When the government chooses “winners and losers” in energy markets, consumers always lose.
You have probably heard that China is building new coal-fired power plants at the rate of one every week to 10 days. In late 2004, The Christian Science Monitor reported that three countries—the United States, China, and India—had plans to build nearly 850 new coal plants, “which would pump up to five times as much carbon dioxide into the atmosphere as the Kyoto Protocol aims to reduce.” These new plants would “bury” Kyoto. The Monitor elaborated:
By 2012, the plants in three key countries – China, India, and the United States – are expected to emit as much as an extra 2.7 billion tons of carbon dioxide, according to a Monitor analysis of power-plant construction data.

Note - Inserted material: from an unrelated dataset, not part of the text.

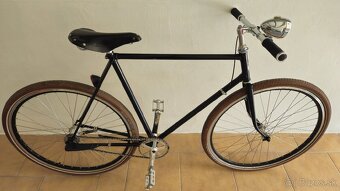 Gazelle 1970 - 2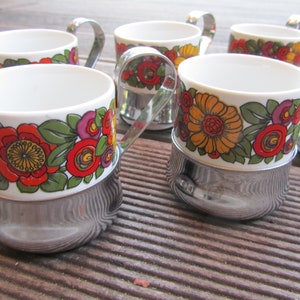 Morinox Italy Espresso Cup - Etsy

In contrast, Kyoto countries by that year are supposed to have cut their CO2 emissions by some 483 million tons.
That was the situation in 2004. What has happened since?

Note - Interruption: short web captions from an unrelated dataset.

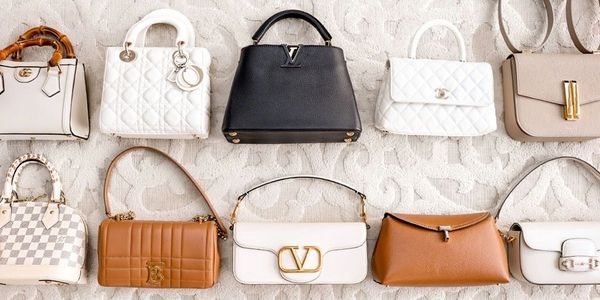 Women's handbags sourcing agent China, Taiwan, and Asia: Vietnam, Thailand, Malaysia, Cambodia 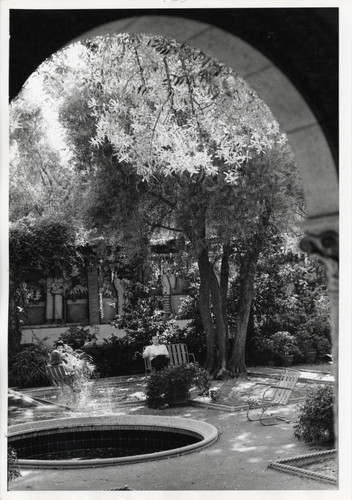 Margaret Fowler Garden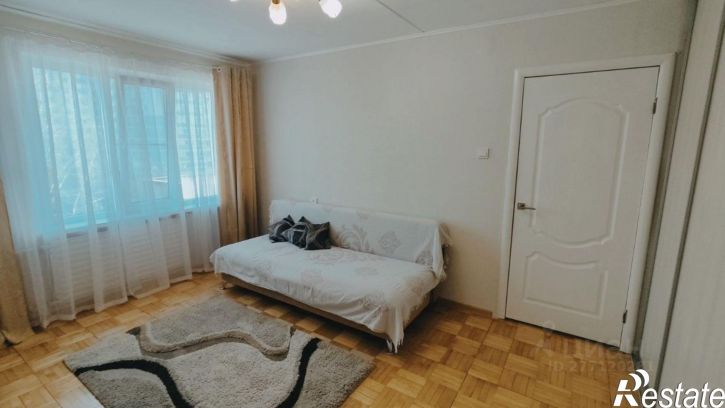 1-комн квартира ул им Барышникова, 61,  д. 61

Well, there’s been a lot of agitation to stop new coal plants from being built in the United States. In some cases, like TXU’s proposal to build 11 new coal-fired power plants in Texas, the anti-coal campainers carried the day.
But China and, to a lesser extent, India and other developing countries still dominate the big picture. The Wall Street Journal on Tuesday carried a front-page story on China’s booming demand for coal. China’s electric generating capacity increased 18% just from last July to December, almost all of it fueled by coal.

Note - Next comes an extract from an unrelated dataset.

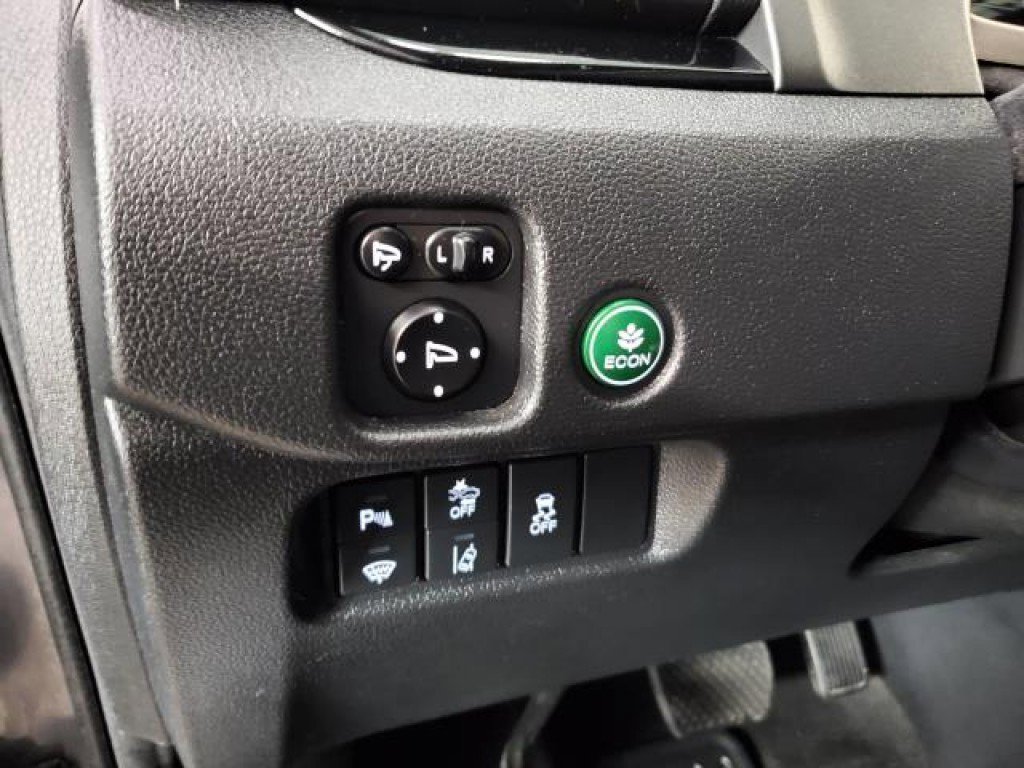 Used 2019 Honda Passport Touring image 21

Chinese demand for coal is surging so fast that, for the first time, the country has become a net importer of coal. Also, just as China’s industrialization was a key cause of rising oil prices from 2004 to the present, so China’s electrification is now pushing up world coal prices. Coal mines in the United States and elsewhere are revving up to meet this surging demand.
Energy analysts interviewed in the WSJ article all foresee even greater demand for coal in China and other developing countries in the foreseeable future. Kyoto’s sustainability looks dimmer than ever.
Senator John McCain (R-Az.), now the presumptive presidential nominee of the Republican Party, said this week in an interview with Darren Samuelsohn of Greenwire that he had shown stronger leadership on global warming than the two leading Democratic Party presidential candidates, Senators Barack Obama (D-Ill.) and Hillary Clinton (D-NY). He noted that both Obama and Clinton are now co-sponsors of his climate bill, S. 2191, the Climate Security Act. Then he gave a quite extraordinary description of how his bill would work to reduce greenhouse gas emissions. According to the Greenwire story, McCain said: “It’s not mandatory caps to start with. It’s cap and trade. That’s very different, OK, because that’s a gradual reduction in greenhouse-gas emissions. So please portray it as cap and trade. That’s the way I call it.”
McCain is technically accurate in that if the Lieberman-McCain bill were enacted, it would not require mandatory reductions immediately. But it does put a cap on future emissions and that cap is mandatory. It’s what used to be called energy rationing. During the Second World War, the federal government gave people coupons each month which would allow them to buy a certain quantity of gasoline. If you wanted to buy more gas, you had to trade someone else for his coupons. That’s how cap and trade works. We just don’t call them rationing coupons any more.